Na rynku niemal codziennie pojawiają się nowe smartfony, tablety, przenośne odtwarzacze i radioodbiorniki. Mimo pędzącego postępu, jeden element pozostaje w nich niezmienny. To gniazdo typu jack, do którego podłączamy słuchawki. Jego dni wydają się jednak policzone.
Pierwotny projekt gniazda miał ćwierć cala średnicy i obecnie jest już używany tylko w gitarach elektrycznych. Na przestrzeni lat wejście zostało zmniejszone do 3,5 mm, stając się jednocześnie standardowym dla słuchawek. Rozwiązanie ma już jednak swoje lata i choć funkcjonuje całkiem nieźle, powoli staje się problemem dla dalszego rozwoju telefonów komórkowych oraz innych urządzeń mobilnych. Dlatego giganci już rozpoczęli prace nad rezygnacją z niego.
Kto pierwszy?
Obecnie istnieją dwa główne ekosystemy mobilne : Apple iOS oraz Google Android. Oba są na dobrej drodze do całkowitego odejścia od standardu gniazda 3,5 mm.
Apple na swojej ubiegłorocznej konferencji, w panelu poświęconym tematyce projektowania akcesoriów dla iPadów i iPhone'ów ogłosił, że pracuje nad słuchawkami, które podłącza się za pośrednictwem złącza Lightning - tego samego, które obecnie wykorzystywane jest do ładowania urządzeń z nadgryzionym jabłkiem. Pierwsze słuchawki z tym złączem wypuścił już na rynek Philips.
Z kolei Google w najnowszej wersji systemu operacyjnego Android, znanego pod nazwą Lolipop, wspiera rozwiązanie oparta na złączu USB audio (również wykorzystywanego podczas ładowania, czy podłączania do komputera).
Jakie czekają nas zmiany?
Co nie podoba się producentom sprzętu we wtyczkach jack? Są po prostu za grube. Telefony i tablety stają się coraz cieńsze i już teraz gniazda słuchawkowe są często najgrubszymi elementami obudowy.
Należy jednak zwrócić uwagę, że także nowe rozwiązania nie są wolne od wad. Jak bowiem naładować telefon i słuchać muzyki w tym samym czasie, gdy ładowarka oraz słuchawki korzystają z tego samego gniazda?
A poza tym, co miliony osób na całym świecie zrobią ze słuchawkami, których używają obecnie, a za które często płaciły krocie? Będzie wprawdzie można wykorzystać specjalne przejściówki, ale to rozwiązanie wydaje się być dalekie od ideału.

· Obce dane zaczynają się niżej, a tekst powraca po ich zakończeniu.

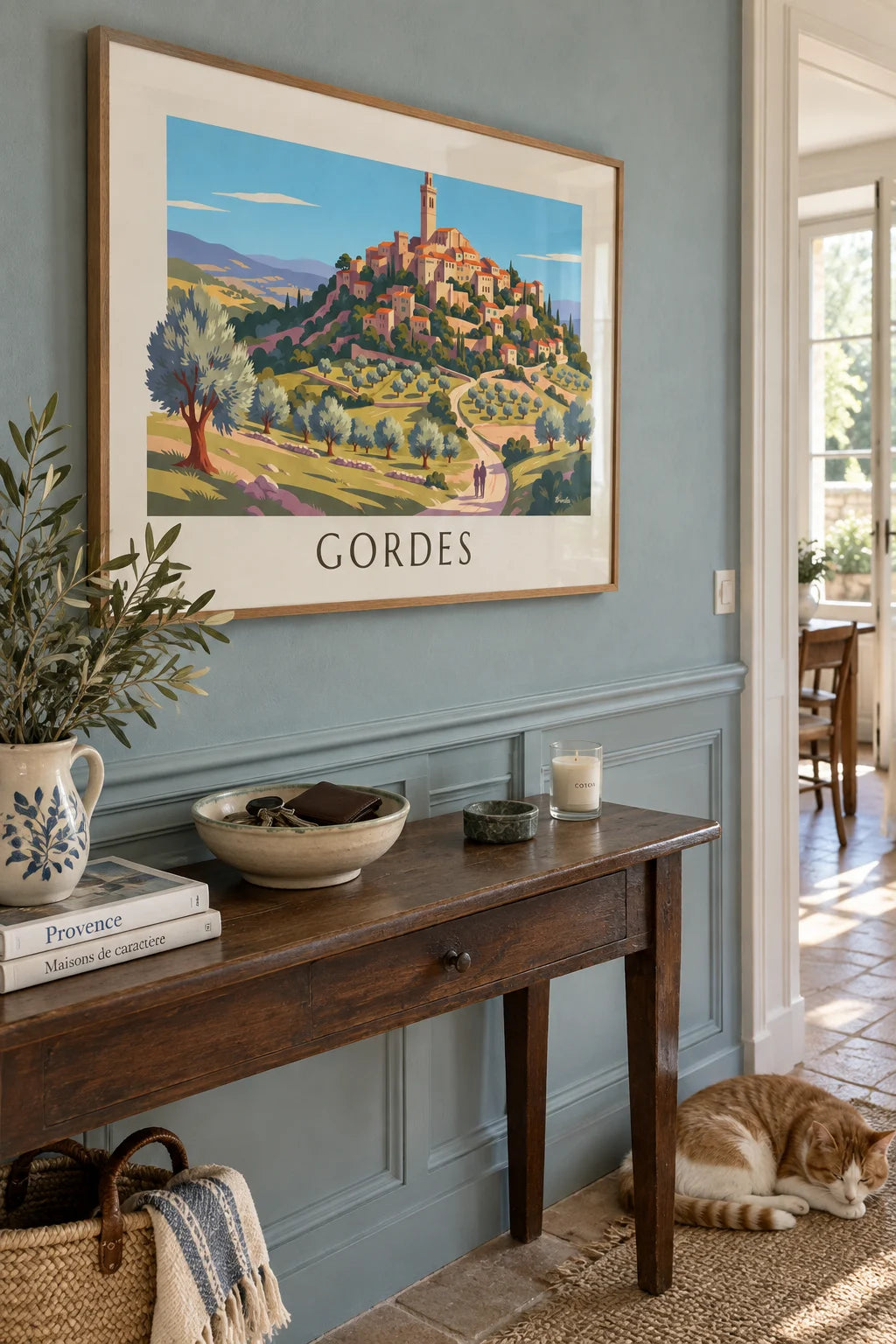 Gordes-juliste, kukkulakylä ja oliivipuut Luberonissa seinällä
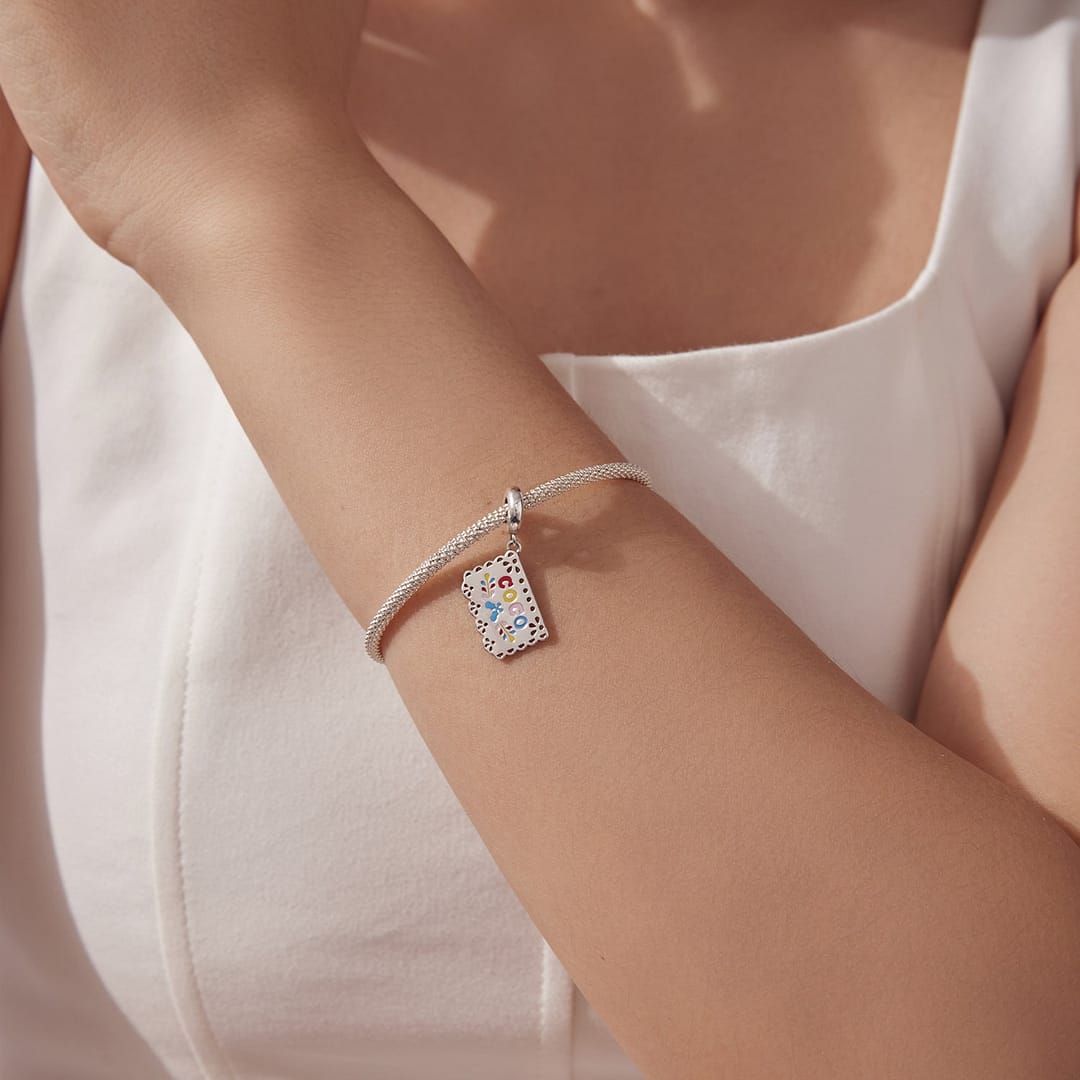 Papel Picado “Coco” Dangle Charm for Pandora Bracelet | Disney Lovers gift | S925 Sterling Silver | Go Glam Girl 6 Sterling silver Papel Picado “Coco” charm with colorful enamel details and intricate cutout lace design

Wszystko wskazuje jednak na to, że ze zmianami będziemy musieli się po prostu pogodzić. W ocenie analityków już kolejny model iPhone'a (prawdopodobnie z numerem 7) będzie pozbawiony, gniazda 3,5mm.
Tym bardziej, że oprócz tradycyjnych słuchawek przewodowych, na rynku jest coraz więcej produktów bezprzewodowych, które z urządzeniami mobilnymi łączą się przez Bluetooth lub NFC.